Verifica-se que a matéria foi apreciada levando-se em conta o contorno fático-probatório, que resultou na comprovação de que o Reclamante encontrava-se laborando em ambiente insalubre sem proteção individual suficiente para neutralizar o agente nocivo. Nesse aspecto, a Revista encontra óbice na Súmula nº 126/TST, pois seria imprescindível o revolvimento de fatos e provas para alcançar a pretensão da Agravante.

[...]”.

              2. Pois bem, a parte recorrente sustenta, em sede preliminar, “a relevância jurídica da matéria aqui discutida, como também a relevância social e política da questão”. Afirma que “não há qualquer rediscussão de matéria fático-probatória” e que foram violados os incisos II, XXXV, LIV e LV do art. 5º da Constituição Republicana.

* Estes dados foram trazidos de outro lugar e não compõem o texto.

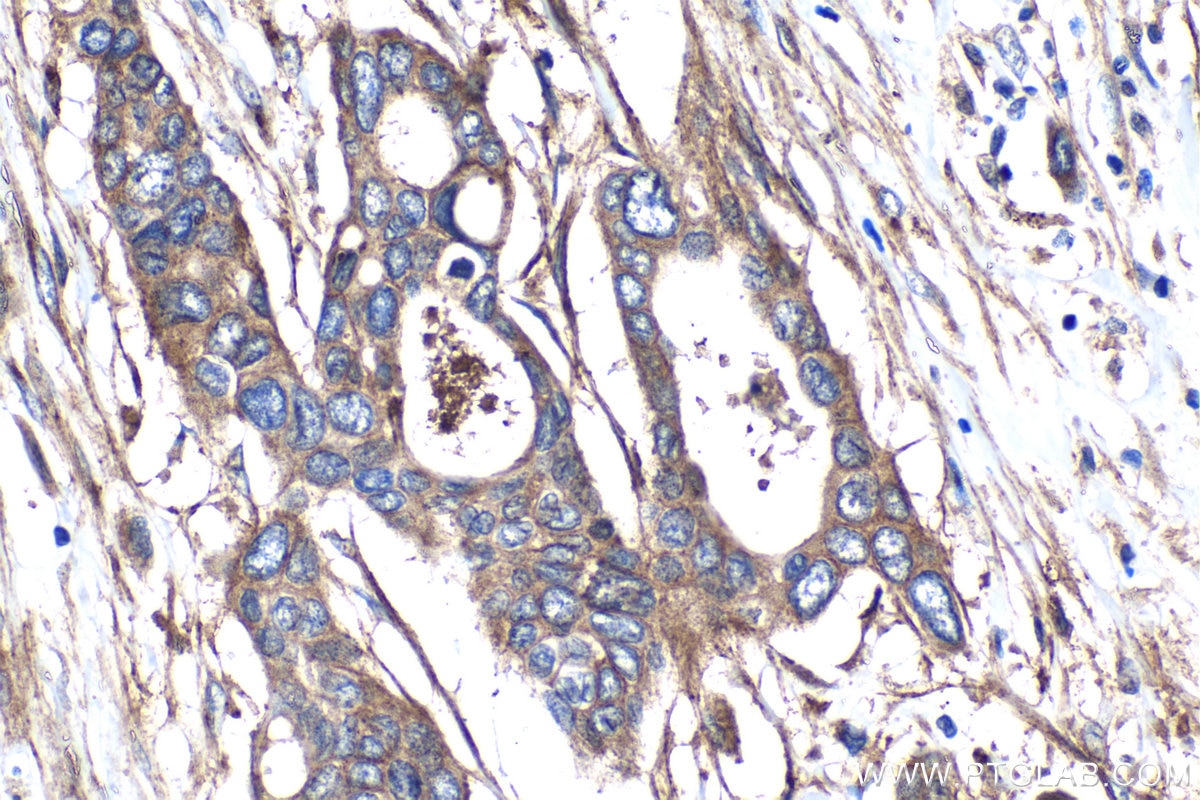 IHC staining of human pancreas cancer using 28543-1-AP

              3. Ultimado este breve resumo dos acontecimentos, passo a decidir. Fazendo-o, anoto que, nos termos da jurisprudência do Supremo Tribunal Federal, os temas atinentes aos pressupostos de admissibilidade de recursos da competência de outros Tribunais não ensejam a abertura da via extraordinária, dado que as ofensas à Carta Magna, se existentes, ocorreriam de modo indireto ou reflexo. Confiram-se, a propósito, os seguintes Agravos Regimentais em Agravos de Instrumento: 381.495 e 740.630, sob a relatoria da ministra Ellen Gracie; 466.574 e 678.313, sob a relatoria do ministro Celso de Mello; 467.090 e 744.306, sob a relatoria do ministro Eros Grau; 488.465 e 490.071, sob a relatoria do ministro Gilmar Mendes; 506.520 e 535.074, sob a relatoria do ministro Cezar Peluso; 260.902 e 589.340, sob a relatoria do ministro Marco Aurélio; 612.613 e 744.906, sob a relatoria do ministro Ricardo Lewandowski; 521.142 e 643.258, sob a minha própria relatoria; 598.038 e 654.261, sob a relatoria do ministro Joaquim Barbosa; 599.535 e 700.572, sob a relatoria da ministra Cármen Lúcia; bem como 638.443 e 735.997, sob a relatoria do ministro Menezes Direito.

              4. Ora bem, não havendo, em rigor, questão constitucional a ser apreciada por esta Suprema Corte, “falta ao caso elemento de configuração da própria repercussão geral”, conforme salientou a ministra Ellen Gracie, no julgamento da Repercussão Geral no RE 584.608.

              5. Com essas breves considerações, manifesto-me pela ausência do requisito da repercussão geral.

              Submeto a matéria ao conhecimento dos demais ministros deste colendo Tribunal (art. 323 do RISTF).

              Brasília, 26 de junho de 2009.